Según ha trascendido, el pleno de la Cámara de Diputados ha rechazado hace unas horas la propuesta del grupo parlamentario del PRI para la integración y presidencia de la Mesa Directiva de la asamblea. Sin embargo, con la adhesión de un puñado de diputados del PRD, el Revolucionario Institucional parece consolidarse como la tercera fuerza política en San Lázaro, en detrimento de los intereses de los legisladores del PT, quienes disputaban el tercer sitio. Dulce María Sauri, priista de pura cepa, no ha alcanzado la mayoría requerida en el recinto para la conformación de la Mesa Directiva y su presidencia.

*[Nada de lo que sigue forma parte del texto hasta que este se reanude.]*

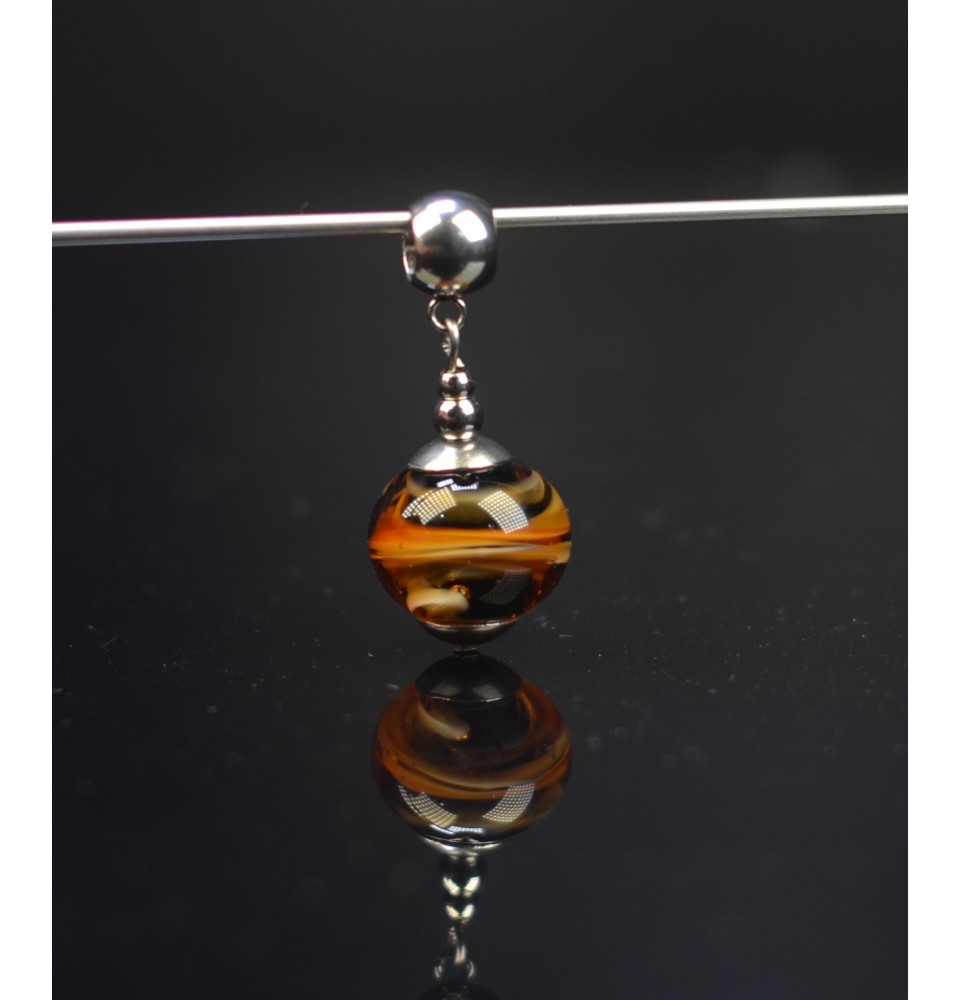 Charm "noir caramel" avec perles de verre sur beliere pour collier ou bracelet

Por otro lado, el éxito del PRI en San Lázaro de ser la tercera fuerza política sería destacado si no se tratase del partido político que rigió durante décadas el destino de México; el heredero de los ideales revolucionarios y creador de instituciones ahora rivaliza contra una agrupación política compuesta por personajes admiradores de Hugo Chávez y Nicolás Maduro, y enraizados en los viejos paradigmas ideológicos del populismo latinoamericano.
El PRI no nació corrupto. Su perpetuidad en el poder desde la creación de su antecesor —el Partido Nacional Revolucionario— derivó de la ausencia de partidos fuertes de oposición que le hiciesen sombra. El PAN quedaba aún confinado en las franjas de una ideología poco popular ligada a una derecha conservadora in extremis, mientras el Partido Comunista apenas jalaba votantes. En otras palabras, el PRI fue capaz de reunir en torno a sí a todo el espectro ideológico, desde la izquierda hasta la derecha; desde sindicatos, maestros, intelectuales, activistas, burócratas y empresarios. El PRI lo era todo, y así continuó hasta la apertura ideológica de Acción Nacional que le hizo posible eventualmente ampliar su base electoral. Más tarde, surgiría el Frente Democrático y el PRD, ambos provenientes de la izquierda priista.

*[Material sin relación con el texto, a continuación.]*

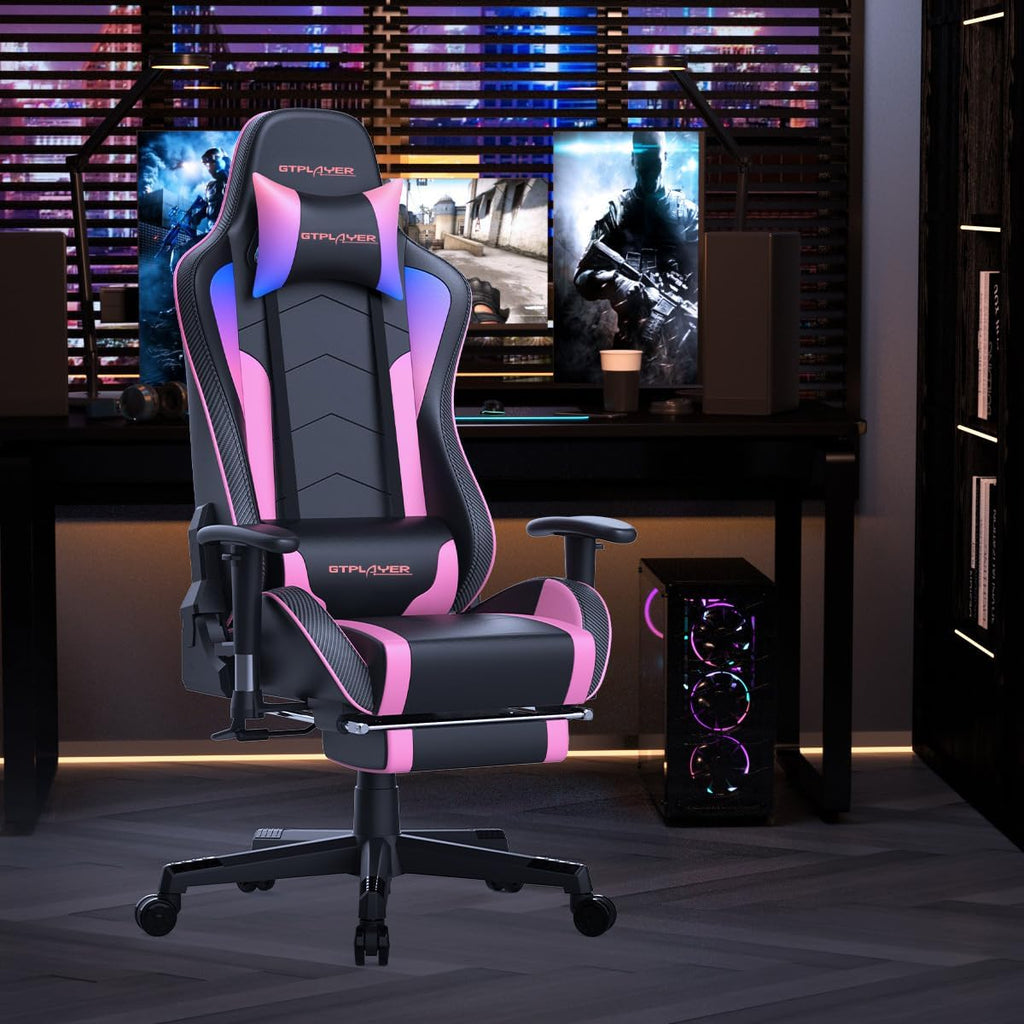 GTPLAYER Gaming Chair with Footrest Speakers Video Game Chair Bluetooth Music Heavy Duty Ergonomic Computer Office Desk Chair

La corrupción mermó la credibilidad del PRI; una corrupción que penetró las instituciones tras décadas de administrar el poder. Un proceso cuasi natural sustentado en la literatura. El poder suele corromper, y lo hace aún más ante un vacío opositor y la falta de una sociedad civil organizada. El PRI —y en particular el presidente en turno— deponía legisladores, gobernadores, controlaba el Senado, y con ello, los nombramientos de la Suprema Corte. Este fenómeno ilegítimo —pero legal— fue llamado metaconstitucional por el gran constitucionalista y rector de la UNAM, Jorge Carpizo.

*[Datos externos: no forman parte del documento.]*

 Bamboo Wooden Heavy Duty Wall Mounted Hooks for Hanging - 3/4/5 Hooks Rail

Haber visto al PRI disputar el sitio como tercera fuerza política en la Cámara Baja recuerda las grandes transformaciones políticas de 2018. Un nuevo partido —Morena— compuesto por ex priistas (pues como he señalado, el PRI reunía prácticamente todo el espectro ideológico) arrasó electoralmente en alianza con pequeñas agrupaciones que hoy día se abren espacios en la política. El Revolucionario Institucional, a pesar de su presencia en las entidades federativas, parece destinado a doblar las manos ante la maquinaria morenista, y condenado a disputarse cargos con el hermano menor —mucho menor— de la alianza que condujo a López Obrador a la presidencia.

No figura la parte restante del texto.